Problem details.
All entries should be output exactly as they stand.

Items from a data source
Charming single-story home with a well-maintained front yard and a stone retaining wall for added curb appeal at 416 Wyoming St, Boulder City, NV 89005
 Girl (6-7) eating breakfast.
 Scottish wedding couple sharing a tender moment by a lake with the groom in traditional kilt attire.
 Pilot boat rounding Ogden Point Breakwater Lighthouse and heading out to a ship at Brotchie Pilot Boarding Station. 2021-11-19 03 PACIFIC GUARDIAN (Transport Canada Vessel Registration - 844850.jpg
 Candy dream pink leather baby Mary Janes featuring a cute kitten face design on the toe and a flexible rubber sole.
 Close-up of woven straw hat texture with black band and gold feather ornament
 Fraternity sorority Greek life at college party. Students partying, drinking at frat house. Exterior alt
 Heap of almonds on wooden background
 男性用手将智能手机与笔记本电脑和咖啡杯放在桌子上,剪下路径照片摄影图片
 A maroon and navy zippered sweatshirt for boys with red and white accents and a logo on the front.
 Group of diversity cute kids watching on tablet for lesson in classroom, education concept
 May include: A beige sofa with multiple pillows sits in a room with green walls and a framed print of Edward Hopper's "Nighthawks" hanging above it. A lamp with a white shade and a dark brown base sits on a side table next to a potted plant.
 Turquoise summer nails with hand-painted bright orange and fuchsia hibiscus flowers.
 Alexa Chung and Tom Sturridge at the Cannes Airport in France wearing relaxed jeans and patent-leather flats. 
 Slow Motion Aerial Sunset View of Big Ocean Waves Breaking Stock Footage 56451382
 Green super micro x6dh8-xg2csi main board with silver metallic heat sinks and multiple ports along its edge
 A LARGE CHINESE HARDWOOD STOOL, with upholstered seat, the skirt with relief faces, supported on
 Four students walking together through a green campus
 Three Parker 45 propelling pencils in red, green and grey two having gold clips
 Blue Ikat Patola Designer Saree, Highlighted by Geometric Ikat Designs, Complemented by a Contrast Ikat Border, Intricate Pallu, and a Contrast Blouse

Solution to this problem.
Charming single-story home with a well-maintained front yard and a stone retaining wall for added curb appeal at 416 Wyoming St, Boulder City, NV 89005
 Girl (6-7) eating breakfast.
 Scottish wedding couple sharing a tender moment by a lake with the groom in traditional kilt attire.
 Pilot boat rounding Ogden Point Breakwater Lighthouse and heading out to a ship at Brotchie Pilot Boarding Station. 2021-11-19 03 PACIFIC GUARDIAN (Transport Canada Vessel Registration - 844850.jpg
 Candy dream pink leather baby Mary Janes featuring a cute kitten face design on the toe and a flexible rubber sole.
 Close-up of woven straw hat texture with black band and gold feather ornament
 Fraternity sorority Greek life at college party. Students partying, drinking at frat house. Exterior alt
 Heap of almonds on wooden background
 男性用手将智能手机与笔记本电脑和咖啡杯放在桌子上,剪下路径照片摄影图片
 A maroon and navy zippered sweatshirt for boys with red and white accents and a logo on the front.
 Group of diversity cute kids watching on tablet for lesson in classroom, education concept
 May include: A beige sofa with multiple pillows sits in a room with green walls and a framed print of Edward Hopper's "Nighthawks" hanging above it. A lamp with a white shade and a dark brown base sits on a side table next to a potted plant.
 Turquoise summer nails with hand-painted bright orange and fuchsia hibiscus flowers.
 Alexa Chung and Tom Sturridge at the Cannes Airport in France wearing relaxed jeans and patent-leather flats. 
 Slow Motion Aerial Sunset View of Big Ocean Waves Breaking Stock Footage 56451382
 Green super micro x6dh8-xg2csi main board with silver metallic heat sinks and multiple ports along its edge
 A LARGE CHINESE HARDWOOD STOOL, with upholstered seat, the skirt with relief faces, supported on
 Four students walking together through a green campus
 Three Parker 45 propelling pencils in red, green and grey two having gold clips
 Blue Ikat Patola Designer Saree, Highlighted by Geometric Ikat Designs, Complemented by a Contrast Ikat Border, Intricate Pallu, and a Contrast Blouse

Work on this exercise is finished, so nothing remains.